Utilizing a deque data structure from the collections module can optimize the BFS traversal. This method offers efficient append and pop operations from both ends of the deque, improving the performance over list operations.

Here’s an example:

from collections import deque

class Node:
    def __init__(self, key):
        self.left = None
        self.right = None
        self.val = key

def BFS_with_deque(root):
    queue = deque([root])
    while queue:
        node = queue.popleft()
        print(node.val, end=" ")
        
        if node.left:
            queue.append(node.left)
        if node.right:
            queue.append(node.right)

# Example Tree
root = Node(1)
root.left = Node(2)
root.right = Node(3)
root.left.left = Node(4)
root.left.right = Node(5)

BFS_with_deque(root)

Output of this code:

1 2 3 4 5

By using a deque, the code avoids the costly list operations for popping from the beginning of the list. popleft() and append() operations on deque are more efficient and recommended for BFS implementations.
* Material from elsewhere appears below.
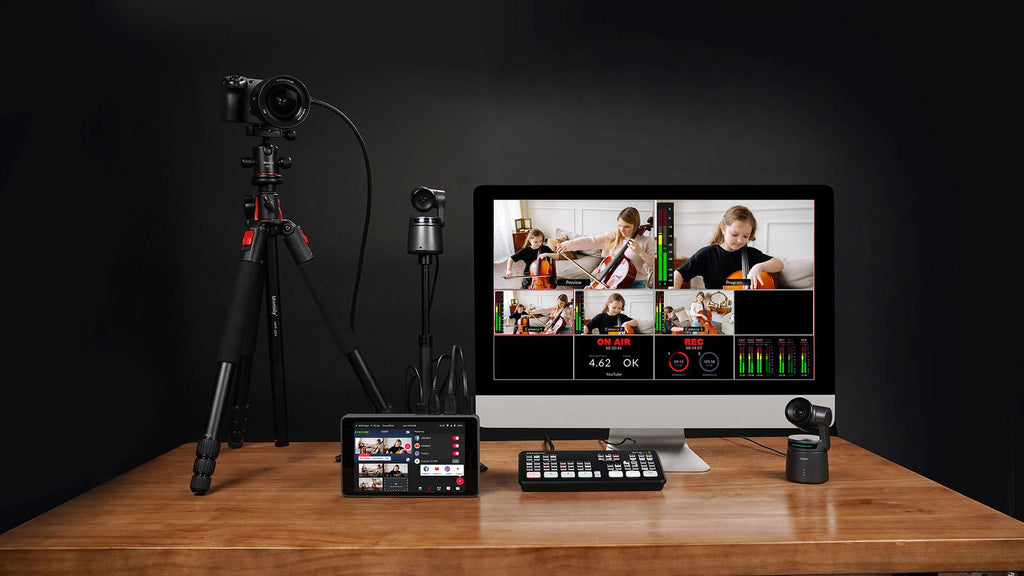 OBSBOT Tail Air | AI 4K PTZ Streaming Camera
Bonus One-Liner Method 5: Functional Approach

A functional approach to BFS leverages the powerful itertools.chain and generator expressions to compactly perform the traversal in one line. It’s an elegant, albeit advanced, technique.

Here’s an example:

from itertools import chain

class Node:
    def __init__(self, key):
        self.left = None
        self.right = None
        self.val = key

def BFS_oneliner(root):
    level = [root]
    while level:
        print(' '.join(str(node.val) for node in level), end=" ")
        level = list(chain.from_iterable((node.left, node.right) for node in level if node))

# Example Tree
root = Node(1)
root.left = Node(2)
root.right = Node(3)
root.left.left = Node(4)
root.left.right = Node(5)

BFS_oneliner(root)

Output of this code:

1 2 3 4 5

This snippet elegantly handles BFS by maintaining a list of nodes at the current level and using chain.from_iterable() to flatten and filter out None values for the next level, all in a single line loop body.

Summary/Discussion

  • Method 1: Using a Queue. Robust and straightforward. However, dequeuing from a list is not efficient for large trees.
  • Method 2: Using Recursion and Dictionary. Creative and organized. It can be more memory intensive due to recursion and dictionary overhead.
  • Method 3: Using Iteration and List Comprehension. Clean and Pythonic. Shares the same queue inefficiency as method 1 with large data sets.
  • Method 4: Using a Deque. Optimal for performance. Slightly less readable for newcomers to algorithms compared to the basic queue.
  • Bonus One-Liner Method 5: Functional Approach. Compact and advanced. May sacrifice readability for brevity and is not ideal for those unfamiliar with functional programming concepts.